→ Action item
A verbatim reproduction of the lines below, from the line containing "3 micine affettuose in attesa di una casa" through the line containing "XRP In December 2023: The Hope For $1", both ends included, is the whole required output.

→ Data excerpts
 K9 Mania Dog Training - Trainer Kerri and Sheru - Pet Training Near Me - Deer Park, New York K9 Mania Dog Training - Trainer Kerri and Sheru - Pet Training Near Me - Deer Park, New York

==

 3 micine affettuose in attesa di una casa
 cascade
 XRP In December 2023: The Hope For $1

→ Result of the task
 3 micine affettuose in attesa di una casa
 cascade
 XRP In December 2023: The Hope For $1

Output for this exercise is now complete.